本発明は、ソレノイドバルブ及びソレノイドバルブ用ケースの製造方法に関する。
従来、車両におけるオートマティックトランスミッションに油圧制御用のソレノイドバルブを備えるものがある。当該ソレノイドバルブは、磁気駆動装置を構成する電磁部と、電磁部の駆動に基づいて油圧を制御する調圧部とから構成されている。電磁部は、コイル、電力供給用コネクタ、コア及びプランジャとこれらを位置決めして収納するケースとを備える。かかる構成では、コイルにより発生する磁束を外側に位置するケースと内側に位置するコアとで誘導して閉磁路を形成するように設計される。例えば、特許文献1に開示の構成は、ケース内にフロント側コアとヨーク及びリア側コアとがカラーを介して隙間を開けた状態で一体的に組付けられた構成を有している。そして、コイルを通電するとケース、フロント側コア、リア側コア及びヨークを介して閉磁路が形成されて、プランジャが軸方向に移動するように構成されている。
特開2019−60348号公報
しかしながら、特許文献1に開示の構成では、フロント側コアのフランジ部の側周面がケースの内周面と接触しており、リア側コアの底面全体がケースの内底面と接触している。さらにヨークの端面もケースの内底面と接触している。これにより、コイルに通電した際に生じる閉磁路において、磁壁障害が生じやすくなっている。そのため、ソレノイドの性能向上を図るには改善の余地がある。また、自動車に搭載される主要ユニットには、軽量化及びコスト低減を求められており、ソレノイドバルブも例外ではない。しかしながら、特許文献1に開示の構成においては、ケースは有底円筒状であって、ケースの側周部は軸方向において同一径を有する寸胴型となっており、軽量化及びコスト低減を図るには改善の余地がある。

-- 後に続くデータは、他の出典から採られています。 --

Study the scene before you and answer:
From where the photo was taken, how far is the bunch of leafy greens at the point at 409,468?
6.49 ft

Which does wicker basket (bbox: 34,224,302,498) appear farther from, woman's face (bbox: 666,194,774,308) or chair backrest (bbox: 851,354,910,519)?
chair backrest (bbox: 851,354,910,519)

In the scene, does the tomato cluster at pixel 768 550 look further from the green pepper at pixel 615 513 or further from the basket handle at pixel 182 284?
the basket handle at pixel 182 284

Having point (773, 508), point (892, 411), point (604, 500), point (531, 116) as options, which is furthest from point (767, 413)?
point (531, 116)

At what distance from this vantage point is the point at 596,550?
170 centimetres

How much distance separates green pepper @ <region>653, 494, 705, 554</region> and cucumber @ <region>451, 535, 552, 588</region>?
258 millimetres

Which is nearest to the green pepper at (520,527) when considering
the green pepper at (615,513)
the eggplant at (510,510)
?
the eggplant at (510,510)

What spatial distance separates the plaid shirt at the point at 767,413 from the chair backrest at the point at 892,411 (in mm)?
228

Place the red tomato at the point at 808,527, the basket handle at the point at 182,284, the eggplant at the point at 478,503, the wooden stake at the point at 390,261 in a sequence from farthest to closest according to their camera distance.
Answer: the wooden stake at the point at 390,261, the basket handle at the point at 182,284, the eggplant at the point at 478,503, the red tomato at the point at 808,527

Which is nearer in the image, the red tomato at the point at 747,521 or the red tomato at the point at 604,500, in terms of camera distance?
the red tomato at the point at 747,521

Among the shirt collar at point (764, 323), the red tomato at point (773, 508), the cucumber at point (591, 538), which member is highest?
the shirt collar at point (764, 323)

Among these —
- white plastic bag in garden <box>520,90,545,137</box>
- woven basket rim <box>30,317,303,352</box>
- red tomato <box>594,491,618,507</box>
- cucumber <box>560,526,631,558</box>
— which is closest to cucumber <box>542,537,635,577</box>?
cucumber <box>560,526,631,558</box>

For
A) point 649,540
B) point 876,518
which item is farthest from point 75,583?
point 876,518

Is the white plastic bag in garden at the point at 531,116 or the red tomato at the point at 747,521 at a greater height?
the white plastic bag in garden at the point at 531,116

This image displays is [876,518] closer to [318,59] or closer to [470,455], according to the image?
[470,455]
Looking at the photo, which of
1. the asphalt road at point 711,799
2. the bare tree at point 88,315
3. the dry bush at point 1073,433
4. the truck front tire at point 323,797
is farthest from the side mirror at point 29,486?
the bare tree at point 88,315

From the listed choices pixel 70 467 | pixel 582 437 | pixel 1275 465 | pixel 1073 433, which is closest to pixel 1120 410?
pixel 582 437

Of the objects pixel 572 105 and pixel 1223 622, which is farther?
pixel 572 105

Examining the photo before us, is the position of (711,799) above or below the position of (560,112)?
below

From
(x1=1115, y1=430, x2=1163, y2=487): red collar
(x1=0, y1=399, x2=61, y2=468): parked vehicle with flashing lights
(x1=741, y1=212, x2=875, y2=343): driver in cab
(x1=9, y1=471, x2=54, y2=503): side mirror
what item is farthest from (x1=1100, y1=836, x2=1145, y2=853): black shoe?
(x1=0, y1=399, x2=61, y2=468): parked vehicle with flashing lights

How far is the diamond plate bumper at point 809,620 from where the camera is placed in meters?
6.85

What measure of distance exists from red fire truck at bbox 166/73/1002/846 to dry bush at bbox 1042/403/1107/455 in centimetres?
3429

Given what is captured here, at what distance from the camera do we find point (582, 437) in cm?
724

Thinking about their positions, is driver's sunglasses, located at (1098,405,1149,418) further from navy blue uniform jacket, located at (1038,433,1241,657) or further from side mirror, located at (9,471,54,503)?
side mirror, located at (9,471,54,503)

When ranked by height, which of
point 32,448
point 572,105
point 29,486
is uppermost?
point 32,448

本発明は、かかる課題に鑑みてなされたもので、ソレノイド性能を向上しつつ、軽量化及びコスト低減が図られるソレノイドバルブを提供しようとするものである。
本発明の一態様は、コイルと該コイルに通電するための外部端子が接続されるコネクタ部とを有する筒状のコイル組立体と、
上記コイル組立体の内側に設けられるとともに、コア部とヨーク部と両者の間に位置する磁気遮断部とが一体形成された筒状の一体コアと、
上記一体コアの内側に挿通されて、上記コイルの通電により軸方向に移動可能なプランジャと、
上記プランジャの移動に伴って進退するスプールを支持するスリーブと、
上記コイル組立体、上記一体コア及び上記プランジャを収容するとともに上記スリーブの一端を保持するケースと、を備えるソレノイドバルブであって、
上記一体コアは、上記コア部側の端部が拡径してなるフランジ部を有し、
上記ケースは有底筒状をなしており、板状の底部と、上記一体コアにおける上記ヨーク部側の端部の外周面に沿って上記底部の外周縁から立設された第1側周部と、該第1側周部よりも拡径されるとともに上記コイル組立体の外周面に沿って上記該1側周部から延設された第2側周部と、該第2側周部において上記コネクタ部を上記ケースから露出させる窓部と、上記第2側周部の延設方向端部において内周面が拡径されて段差状に形成されて上記フランジ部と軸方向に対向するコア着座部と、該コア着座部の径方向外方において該第2側周部の延設方向端部から延設されて薄肉に形成されて上記フランジ部と上記スリーブの一端とをかしめ固定するかしめ部と、を有し、
上記一体コアは、上記ヨーク部が上記第1側周部に当接して径方向の位置決めがなされるとともに、上記フランジ部が上記コア着座部に当接して軸方向の位置決めがなされた状態で上記ケースに保持されている、ソレノイドバルブに用いられる上記ケースの製造方法であって、
上記ケースの形成材料となる金属製の板材を準備する準備工程と、
上記板材を金型に設置して絞り加工を行って、上記底部、上記第1側周部、上記第2側周部、及び上記コア着座部を形成する絞り工程と、
上記コア着座部の径方向外方部分に扱き加工を行って、上記かしめ部を形成する扱き工程と、
上記第2側周部にシャーリング加工を行って、上記窓部を形成し、上記かしめ部の高さ調整を行うシャーリング工程と、
を含む、ソレノイドバルブ用ケースの製造方法にある。
上記ソレノイドバルブにおいては、一体コアは、ヨーク部とケースの第1側周部とが当接するとともに、一体コアのフランジ部がケースの上記コア着座部に当接して位置決めされた状態でケースに保持されている。そのため、一体コアを保持する際に一体コアの他の部分をケースに当接させる必要がない。それゆえ、コイルに通電したときに生じる閉磁路において磁壁障害が発生しにくく、ソレノイドの性能を向上させることができる。さらに、ケースの第1側周部が一体コアのヨーク部側の端部の外周面に沿って形成されており、第2側周部が第1側周部よりも拡径してコイル組立体の外周面に沿って形成されている。これにより、従来、寸胴型の円筒形状であったケースの外形を、第1側周部が縮径した状態とすることができるため、ケースの形成材料を削減でき、軽量化できるとともにコスト低減を図ることができる。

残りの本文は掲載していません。